How Does Self-Funded Insurance Work?

Most companies with employees offer their workers employer-sponsored health insurance at reduced costs. Though many companies subscribe to a group health insurance plan to cover their employees, some companies opt for self-funded insurance plans instead. Self-funded insurance differs from traditional group health plans because it does not require involvement from a third-party insurance company.
  1. How It Works

    • An employer with self-funded insurance operates similarly to an insurance company. The employer will collect monthly payments from employees and deposit the money into a trust fund regulated by the federal government. When an employee files a claim, the employer will draw money from the trust fund to cover the cost.
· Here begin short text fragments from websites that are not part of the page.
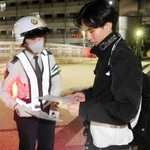 通行人に情報提供を呼びかける兵庫県警の捜査員＝２３日深夜、川西市栄根２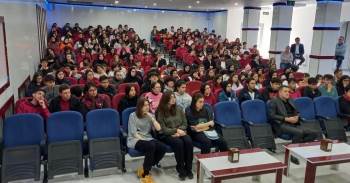 Değerler Eğitimi Konferansları Devam Ediyor
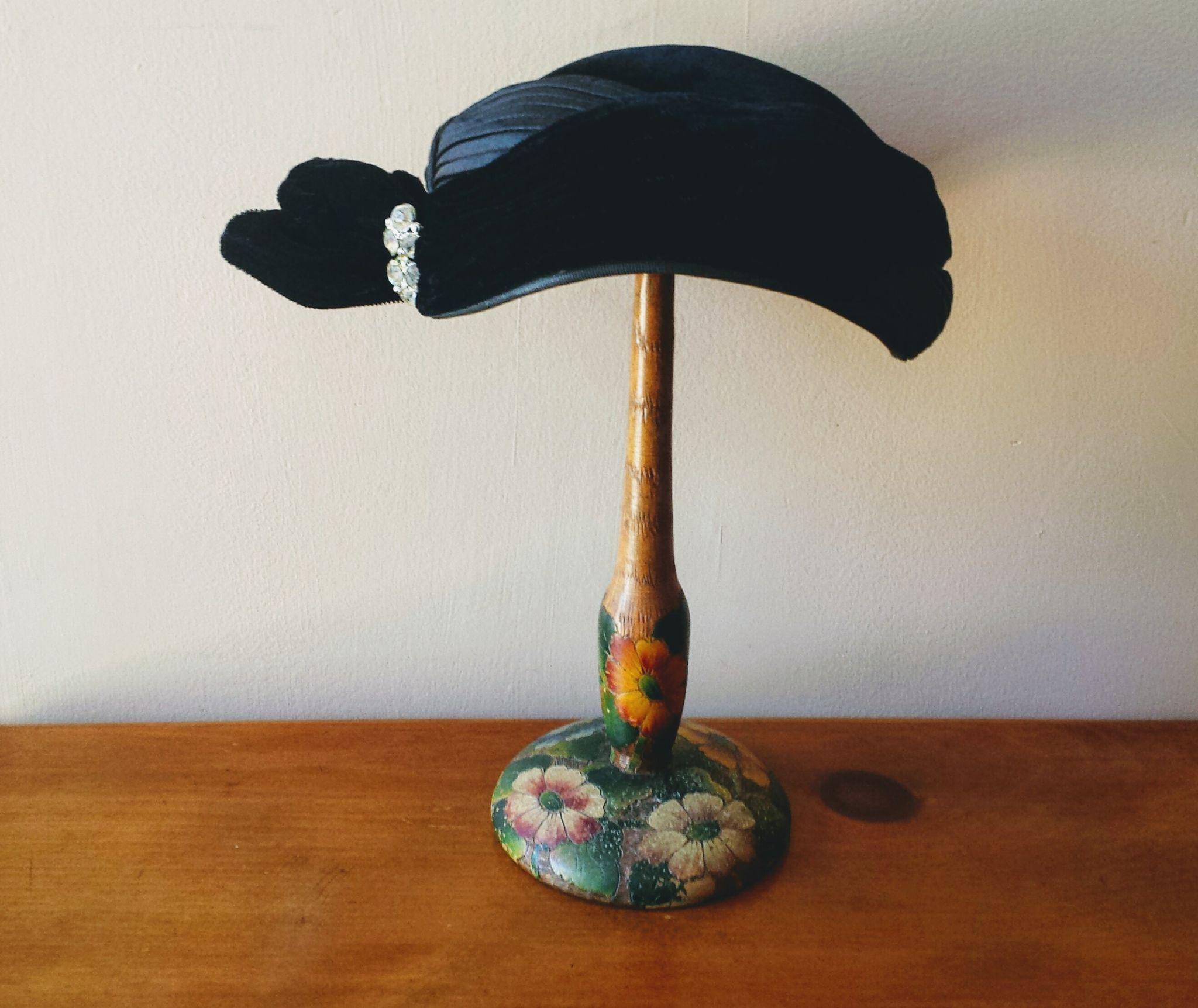 Vintage Wide Brim Straw Sun Hat from Maridette England Vintage Wide Brim Straw Sun Hat from Maridette England
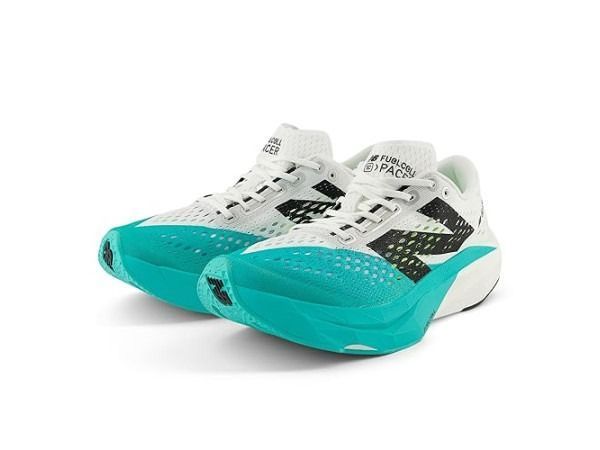 Кросівки New Balance New Balance Fuelcell Supercomp Pacer V2 White Light Blue WFCRRLW2 фото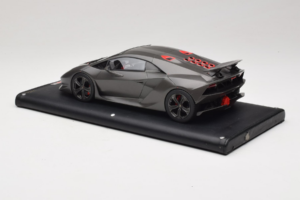 Lamborghini Sesto Elemento Matte Black MR Collection 1:18 LAMB054 Resina - imagen 5 de 6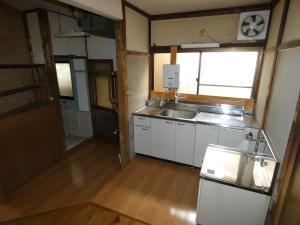 村上市瀬波温泉2丁目の台所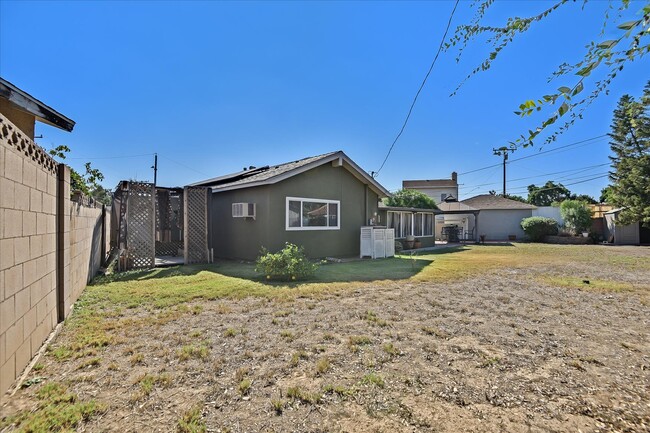 Building Photo - 9239 Bonavista Ln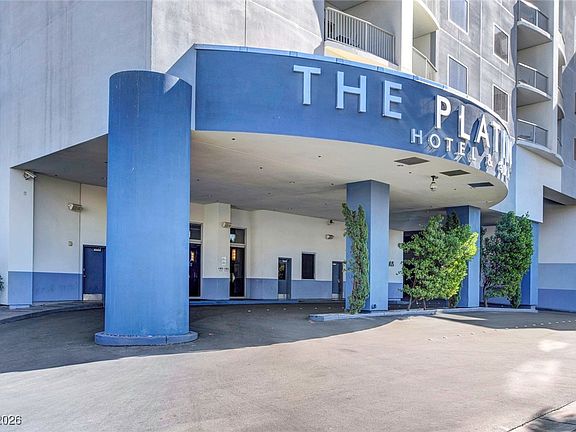 4th image of 211 E Flamingo Rd #713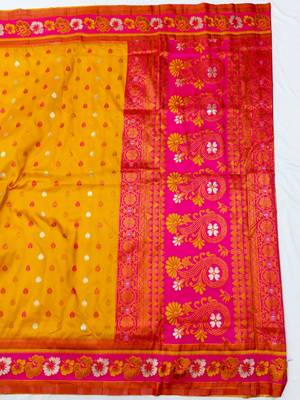 Gold zari woven silk blend saree with blouse piece 2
If extra money remains in the trust fund at the end of the billing period, the employer will keep the money to offset future costs.

    Stop-Loss Insurance

    • Self-funded insurance policies may also include stop-loss insurance, which is a policy the employer purchases to cover catastrophic claims. With a stop-loss insurance policy, the employer can set limits on the maximum loss the company will accept, and the insurance company will cover any losses that exceed this maximum. The price of a stop-loss policy increases as the employer's maximum acceptable loss decreases.

    Variations

    • While most self-funded insurance plans include stop-loss insurance, others do not. Employers without stop-loss insurance will not pay as much to implement self-funded insurance. However, employers without stop-loss coverage will not receive assistance in the event of unanticipated loss and will have to pay excess expenses out of pocket.

    Considerations

    • Self-funded insurance policies are more flexible, and employers can customize plans to meet employees' needs. When monthly premium payments exceed the cost of filed claims, the employer can keep the money to use later. However, a self-funded insurance plan is more time-consuming, requires more attention from the employer and involves more risk than a traditional group health plan.